A rectangle has a length of 3 units and a width of 39 units. Which expression gives the area, in...

1. TRANSLATE the problem information

• Given information:
  • Rectangle has \(\mathrm{length = 3\;units}\)
  • Rectangle has \(\mathrm{width = 39\;units}\)
  • Need to find expression for area in square units

2. INFER the approach

• To find area of a rectangle, we multiply \(\mathrm{length \times width}\)
• This means we need the expression: \(\mathrm{3 \times 39}\)

3. Evaluate the answer choices

• Check each option against our area expression:
  • A. \(\mathrm{2(3 + 39)}\): This adds the dimensions then doubles it - that's the perimeter formula
  • B. \(\mathrm{2(3 \times 39)}\): This multiplies the dimensions then doubles it - that's twice the area
  • C. \(\mathrm{3 + 39}\): This just adds the dimensions - not area
  • D. \(\mathrm{3 \times 39}\): This multiplies the dimensions - exactly what we need for area

Answer: D. \(\mathrm{3 \times 39}\)

Why Students Usually Falter on This Problem

Most Common Error Path:

Conceptual confusion about area vs. perimeter: Students mix up the formulas for area and perimeter of rectangles.

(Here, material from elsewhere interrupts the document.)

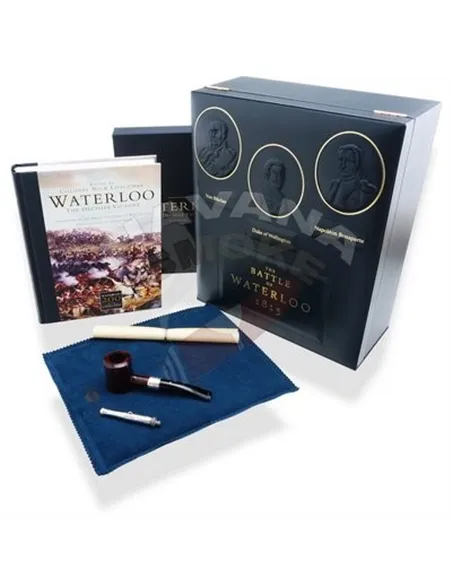             Трубка Dunhill WATERLOO PIPE BRUYERE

They remember that rectangles involve adding and multiplying the dimensions, but can't recall which operation goes with which measurement. Since choice A shows \(\mathrm{2(3 + 39)}\), they might think "that looks like a rectangle formula" without recognizing it's actually the perimeter formula (2 times the sum of length and width).

This may lead them to select Choice A (\(\mathrm{2(3 + 39)}\)).

The Bottom Line:

This problem tests whether students can distinguish between area (multiply the dimensions) and perimeter (add the dimensions, then double). The key insight is remembering that area always involves multiplication of dimensions, while perimeter involves addition.